Last week a friend sent me an article about how Millennials are twice as likely as the general population to want to start their own business in the next year. While I’m sure that there are many factors that contribute to this statistic (where they are in their life cycle, unemployment double the national average), but I think that there is something more hardwired than any of the more macro reasons.
This is more of an observational statement, but it is something that I’ve heard so much of that I can’t help but start believing it: The Millennial generation, my generation, thinks that they (we) are entitled.
This statement typically raises my ire, because as with all generalizations, it obviously doesn’t apply itself to all individuals.

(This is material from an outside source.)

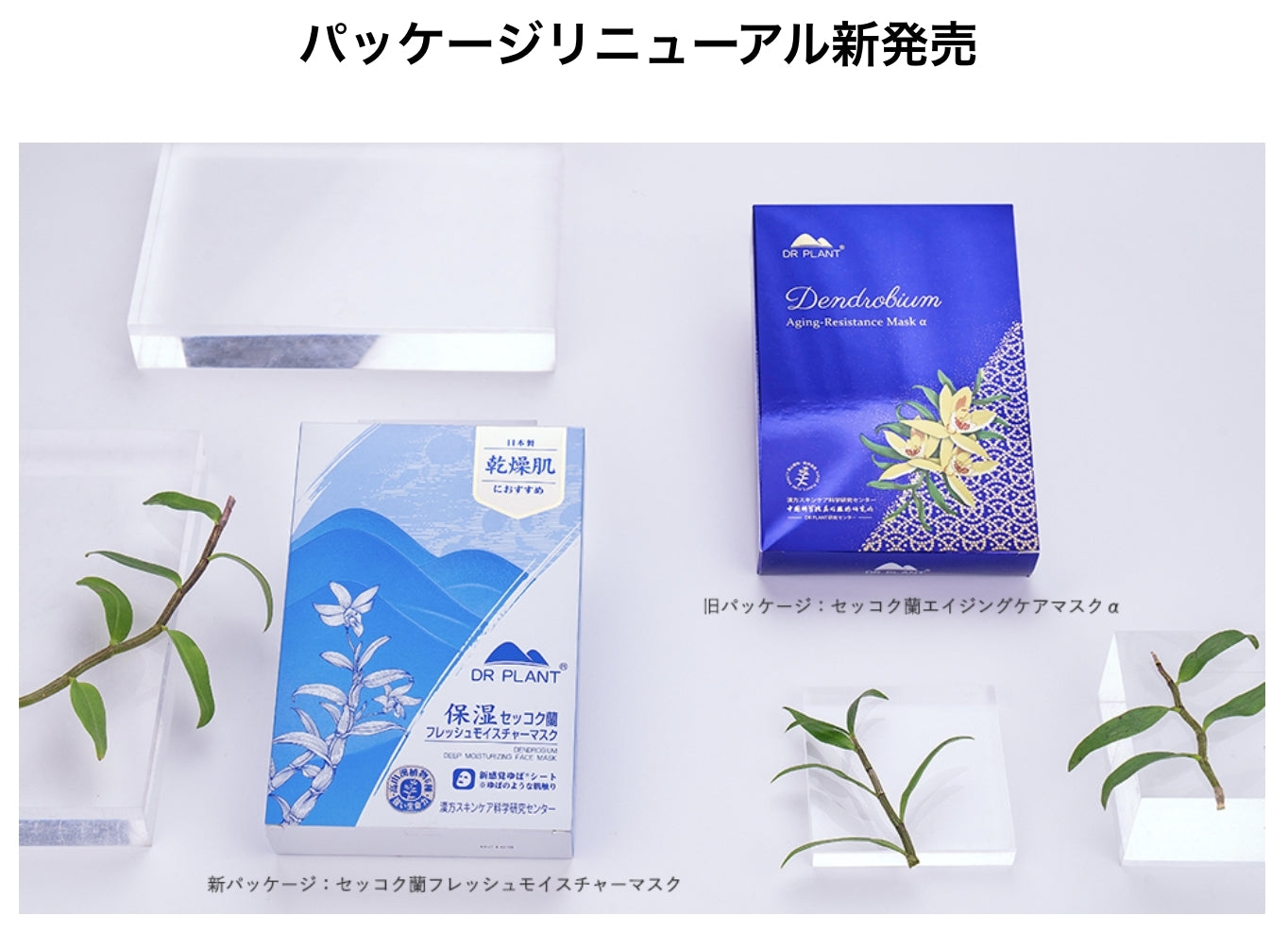 DR PLANT セッコク蘭フレッシュモイスチャーマスク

However, when I’m forced to take a long hard look at how I know that peers of mine have acted (and I sure hope that I haven’t), I can definitely see where that conclusion can be drawn.
Since university and beyond I have known people that think they should have a job with complete autonomy and flexibility, along with a six-figure salary with the title “Social Marketing Guru” upon walking into a company. And don’t even get me started about any entry-level position with “Guru” in the title.
Although someone may be able to find this, I would wager a bet that it would be the exception, not the norm. That is exactly the issue, though, we have been taught all our lives that we can do anything and are special, therefore we always identify with the exception, rather than the rule.
So this entitlement, I think, is a major reason that Millennials want to go into business for themselves. After being in the job market for a few years they realize that they can’t do everything that they want (making what they want) right away, but realize if they are their own bosses, then it’s completely in their control. Or so they think.
I tend to think that once many of the people saying they want to start their own business give it a try, it’s not going to be what they had thought it would be like. Often, especially as a starting entrepreneur, your time is not your own. You have to do tasks that you would rather not, but have to get done. Your time isn’t as flexible as you think it will be, because you are usually working as the service provider / product maker, as well as operations manager and sales person. Basically three full-time jobs for one person. And if you think huge money is coming in year one, I would think again.
So if you want to start a business and have romance in your eyes, it may be prudent to speak with a few business owners. See what it was like during their starting years and determine if it’s in line with what your expectations are. If it’s not, it may be worth it to start your business as a side-gig to see how you like it. Or to continue to be an employee for a few more years, because there is nothing wrong with that.